November 14, 2024
It’s that time of year. I enjoy seeing the combines sweep across the fields, the grain carts in hot pursuit, and the loaded trucks rolling toward the bins or the elevator. Most clients are reporting good to excellent yields, which are especially necessary right now with the depressed prices.
When I was growing up and our city friends envied the independence we had on the farm, my father would point out all the ways that farmers are dependent: Buyers dictate the wholesale prices for our products, giant companies set the retail prices for our inputs, government makes the rules, and God controls the weather. Dad always concluded that of those, God was the most trustworthy.
One of the miracles we experience on the farm is that tiny factory called a seed. You place it in the ground, and with at least reasonably good conditions, it somehow collects nutrients and moisture and absorbs the warmth from the sun to construct a relatively monstrous green super factory, which in turn, manufactures a hundred new factories like the original.
The new seeds are always in the image of the original. The kernel of corn never reproduces soybeans, oats or wheat. Always more corn. What you want in the fall determines what you do in the spring, because you reap what you sow.
It’s no special insight by me that we reap what we sow. It applies in many areas of life, including my area: estate planning.
Reaping their fair share
What do you want your loved ones to reap? From hundreds of farm families, I’ve learned a bit. You probably want your farm to be protected for your heirs. If you have a farming heir, you want him or her to receive the opportunity to continue the farming tradition. For heirs who aren’t farmers, you want them to reap a fair share. You hope your children will have mutually respectful family reunions. You might want the intangible values that are learned on the farm such as hard work, independence, love, community, thrift and faith to be carried forward, even for descendants who are off the farm.
If this represents the kind of estate planning harvest your family is to reap, you have to sow the right seeds.
Some of these goals can be reached only by the intentional, active relationships you cultivate now. Are you intentionally nurturing those intangible values and, by your example, making them look attractive?
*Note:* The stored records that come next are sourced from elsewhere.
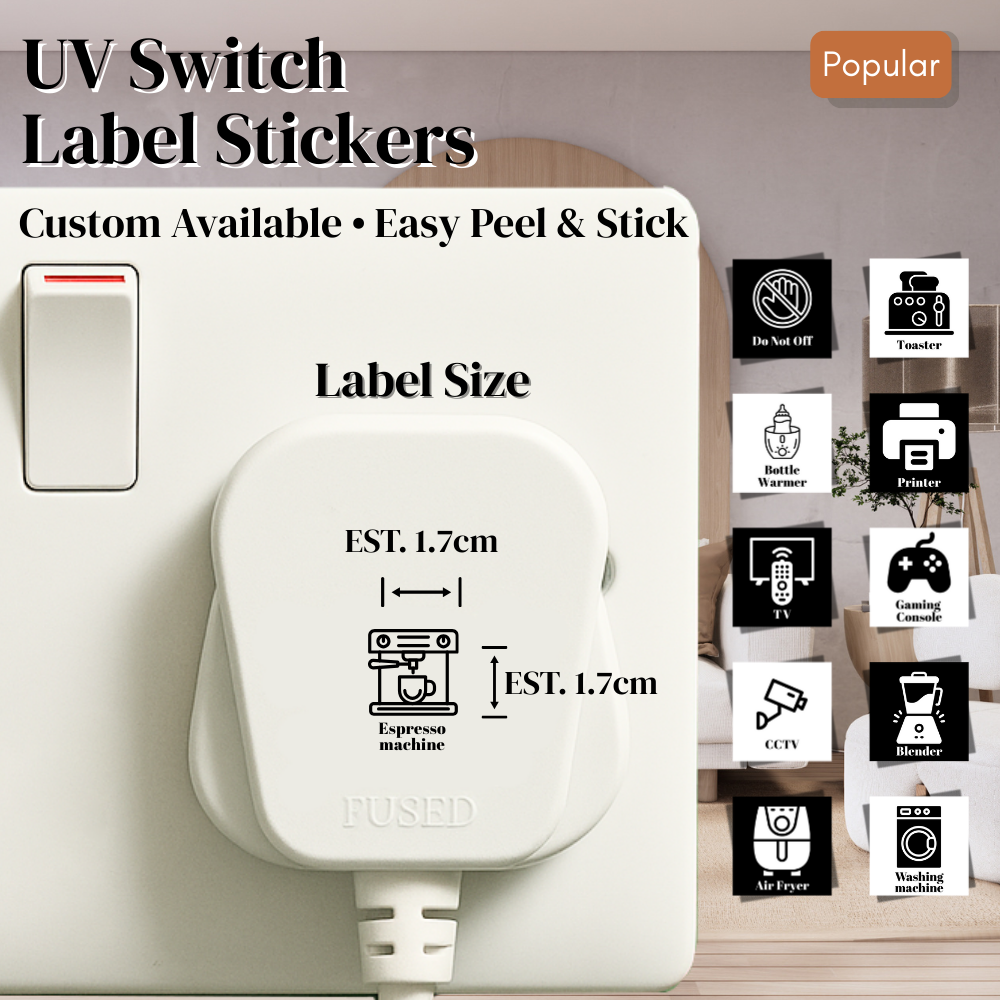 [SG Local] Borderless UV switch Plug Label Stickers | Decal ...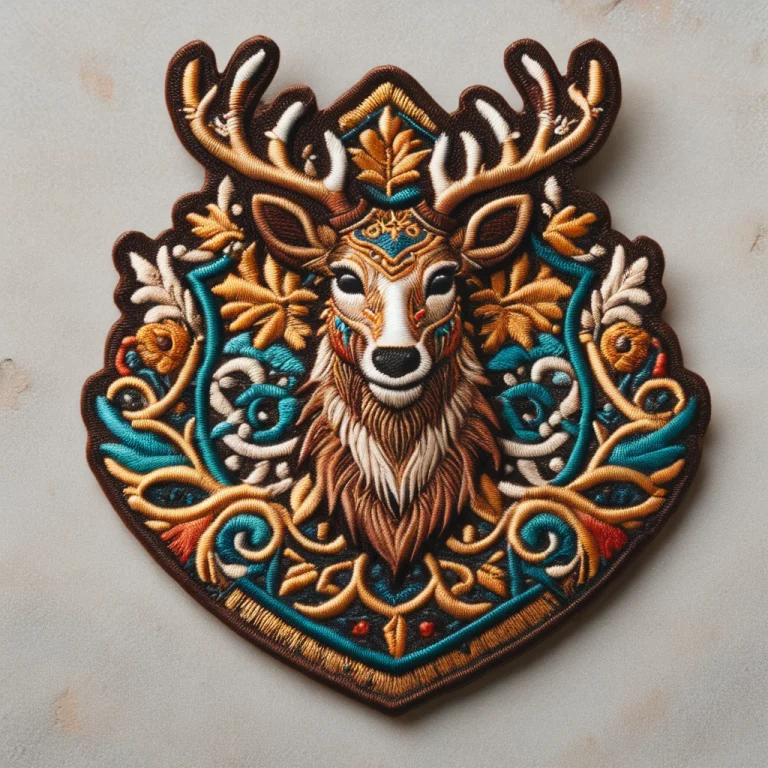 Ral-embroideredpatch An Elegant Embroidered Patch Of A Stag...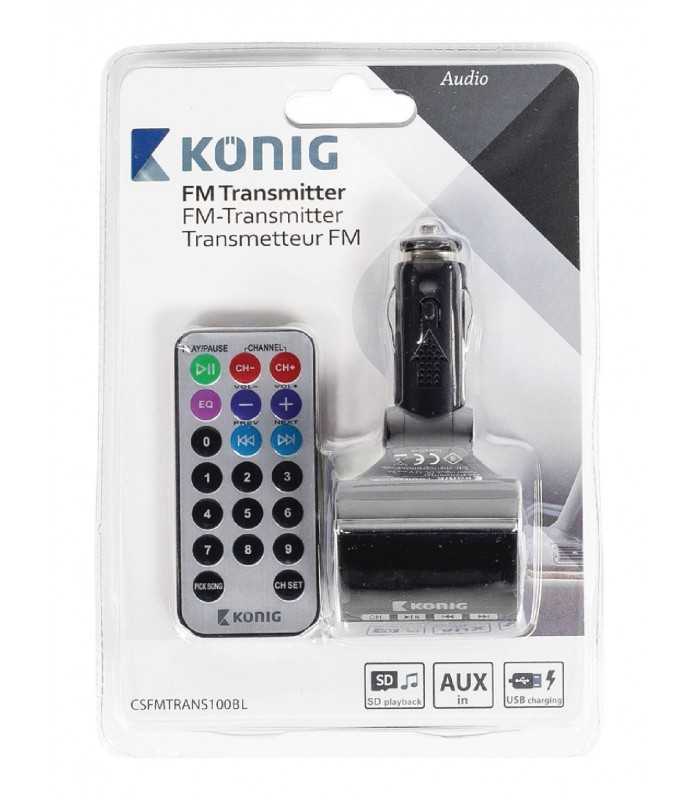transmitator konig fm negru cu telecomanda 3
No one can control their adult children, of course, but your spirit carries a lot of influence.
Most of the goals require careful legal planning, too. Start with easy ones, like planting corn or beans. To make your estate do as much good as it can, you will want to assure maximum efficiency upon your death, minimizing legal fees and estate taxes. Choose revocable living trusts, as they are more efficient to administer than are wills. Tax planning provisions in your living trusts also serve to reduce estate taxes for a married couple.
Next, get the seeds in the ground. Your assets of all kinds must be titled so they will follow the living trust. Make sure deeds, bank accounts, beneficiary designations, limited liability company or corporate shares, machinery, etc., are all titled so they will be controlled by the living trust.
Getting specific
But what the living trust says happens at death is where the hybrid selection and precision planting come into play. If you want your heirs’ inheritance to be protected from catastrophes that may happen to them — lawsuits, divorces, health crises, even estate taxes when they die — your living trust will say that each one receives their inheritance in a subtrust on your death.
To give opportunity to the successor-farmer, the living trust might give equipment primarily to him or her, could give them specific rights to lease farmland from the others, and might limit the ability of heirs to sell land away from the family.
Maybe you just can’t commit yourself to specifics. You think you should postpone any “final plans” until you have lived longer and see how the family roles develop.
Don’t wait! Take your best shot, because sometimes people die unexpectedly, and you need your best ideas in the legal plan now. But your best shot becomes the initial draft, sort of a starting point. Commit to frequently updating the plan, and work with an attorney who will make those updates efficiently. Yes, cultivate the plan as it matures toward harvest.
With careful planning and ongoing nurturing, your estate plan can produce a bountiful harvest.